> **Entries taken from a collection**
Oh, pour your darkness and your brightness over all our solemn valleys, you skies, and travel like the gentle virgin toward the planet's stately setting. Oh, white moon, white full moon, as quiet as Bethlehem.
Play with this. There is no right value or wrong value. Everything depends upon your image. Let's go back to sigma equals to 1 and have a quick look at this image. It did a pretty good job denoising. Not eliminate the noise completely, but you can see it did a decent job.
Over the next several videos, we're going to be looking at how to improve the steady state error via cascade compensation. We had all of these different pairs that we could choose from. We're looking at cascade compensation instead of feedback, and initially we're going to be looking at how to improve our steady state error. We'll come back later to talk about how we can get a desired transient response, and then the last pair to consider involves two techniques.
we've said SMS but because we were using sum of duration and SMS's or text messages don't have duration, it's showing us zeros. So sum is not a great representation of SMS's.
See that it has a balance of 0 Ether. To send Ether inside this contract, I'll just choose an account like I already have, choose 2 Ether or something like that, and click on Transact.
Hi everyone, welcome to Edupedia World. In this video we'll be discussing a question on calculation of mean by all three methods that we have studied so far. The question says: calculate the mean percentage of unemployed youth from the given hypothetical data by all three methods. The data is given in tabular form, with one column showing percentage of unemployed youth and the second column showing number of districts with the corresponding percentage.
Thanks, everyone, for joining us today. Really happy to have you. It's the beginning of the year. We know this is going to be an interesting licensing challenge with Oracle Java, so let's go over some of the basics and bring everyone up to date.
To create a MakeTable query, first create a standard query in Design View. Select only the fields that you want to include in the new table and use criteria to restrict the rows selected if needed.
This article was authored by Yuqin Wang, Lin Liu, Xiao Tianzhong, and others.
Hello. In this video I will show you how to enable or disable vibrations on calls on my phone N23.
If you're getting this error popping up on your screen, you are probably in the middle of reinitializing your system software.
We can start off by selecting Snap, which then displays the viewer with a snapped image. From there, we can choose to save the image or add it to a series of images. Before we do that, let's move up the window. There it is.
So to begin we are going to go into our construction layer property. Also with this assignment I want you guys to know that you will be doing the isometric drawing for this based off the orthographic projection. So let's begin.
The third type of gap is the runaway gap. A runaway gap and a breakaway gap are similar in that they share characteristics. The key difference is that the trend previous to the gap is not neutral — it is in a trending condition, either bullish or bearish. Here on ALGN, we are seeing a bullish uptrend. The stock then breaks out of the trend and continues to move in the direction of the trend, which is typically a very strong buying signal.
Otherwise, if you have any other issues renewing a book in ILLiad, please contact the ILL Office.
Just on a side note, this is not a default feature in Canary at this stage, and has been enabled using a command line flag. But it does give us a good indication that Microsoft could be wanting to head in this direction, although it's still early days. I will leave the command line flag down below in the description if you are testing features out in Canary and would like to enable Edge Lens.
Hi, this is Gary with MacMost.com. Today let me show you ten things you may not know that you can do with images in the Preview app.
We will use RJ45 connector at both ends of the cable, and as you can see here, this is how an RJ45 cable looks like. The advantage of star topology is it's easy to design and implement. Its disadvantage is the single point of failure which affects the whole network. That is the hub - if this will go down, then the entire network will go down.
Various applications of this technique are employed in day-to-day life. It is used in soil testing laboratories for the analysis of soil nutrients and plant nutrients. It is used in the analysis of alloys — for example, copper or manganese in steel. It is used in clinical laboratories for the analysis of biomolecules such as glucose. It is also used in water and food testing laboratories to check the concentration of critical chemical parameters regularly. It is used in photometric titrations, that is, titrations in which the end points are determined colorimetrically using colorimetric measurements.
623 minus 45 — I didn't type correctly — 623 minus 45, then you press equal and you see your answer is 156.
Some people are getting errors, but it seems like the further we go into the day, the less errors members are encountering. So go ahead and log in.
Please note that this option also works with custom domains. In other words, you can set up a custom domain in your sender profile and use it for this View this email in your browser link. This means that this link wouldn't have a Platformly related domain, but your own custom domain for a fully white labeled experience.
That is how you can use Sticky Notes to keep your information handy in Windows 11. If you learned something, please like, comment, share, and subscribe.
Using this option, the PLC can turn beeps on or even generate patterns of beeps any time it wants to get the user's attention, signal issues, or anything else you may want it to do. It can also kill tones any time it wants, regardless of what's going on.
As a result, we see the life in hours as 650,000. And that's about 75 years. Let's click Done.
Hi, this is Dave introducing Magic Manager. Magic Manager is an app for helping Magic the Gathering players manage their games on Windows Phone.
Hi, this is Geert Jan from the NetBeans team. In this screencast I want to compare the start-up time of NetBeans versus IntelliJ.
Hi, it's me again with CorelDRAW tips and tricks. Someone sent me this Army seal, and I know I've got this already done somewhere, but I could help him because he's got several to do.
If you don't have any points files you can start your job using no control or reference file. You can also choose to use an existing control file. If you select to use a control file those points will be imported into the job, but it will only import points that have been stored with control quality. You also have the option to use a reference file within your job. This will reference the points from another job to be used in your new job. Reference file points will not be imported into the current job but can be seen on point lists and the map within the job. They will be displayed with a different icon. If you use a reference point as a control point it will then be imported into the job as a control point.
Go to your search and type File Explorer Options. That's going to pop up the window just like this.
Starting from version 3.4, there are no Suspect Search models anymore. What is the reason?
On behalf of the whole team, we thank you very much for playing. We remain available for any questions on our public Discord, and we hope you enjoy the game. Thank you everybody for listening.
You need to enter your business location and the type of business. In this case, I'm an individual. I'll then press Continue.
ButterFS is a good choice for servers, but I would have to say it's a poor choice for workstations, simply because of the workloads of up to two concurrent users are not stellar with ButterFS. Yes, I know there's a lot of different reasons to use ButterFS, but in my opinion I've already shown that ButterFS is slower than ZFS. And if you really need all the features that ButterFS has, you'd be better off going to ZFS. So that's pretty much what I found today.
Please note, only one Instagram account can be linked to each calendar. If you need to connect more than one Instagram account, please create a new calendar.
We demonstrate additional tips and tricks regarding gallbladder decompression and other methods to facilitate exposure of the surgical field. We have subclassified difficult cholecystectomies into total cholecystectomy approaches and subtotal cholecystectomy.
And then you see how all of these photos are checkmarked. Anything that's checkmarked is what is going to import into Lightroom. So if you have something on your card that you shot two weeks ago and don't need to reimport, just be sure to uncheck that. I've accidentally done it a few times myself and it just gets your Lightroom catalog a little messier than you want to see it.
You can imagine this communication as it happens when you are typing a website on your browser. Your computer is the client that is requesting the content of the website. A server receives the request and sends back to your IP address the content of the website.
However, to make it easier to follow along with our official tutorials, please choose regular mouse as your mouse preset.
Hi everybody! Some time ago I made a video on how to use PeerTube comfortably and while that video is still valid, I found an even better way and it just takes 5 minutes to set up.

> **Activity**
Every line from the line containing "Starting from version" through the line containing "You need to enter" in the records above must be retyped exactly. Leave out the rest.

> **Written response**
Starting from version 3.4, there are no Suspect Search models anymore. What is the reason?
On behalf of the whole team, we thank you very much for playing. We remain available for any questions on our public Discord, and we hope you enjoy the game. Thank you everybody for listening.
You need to enter your business location and the type of business. In this case, I'm an individual. I'll then press Continue.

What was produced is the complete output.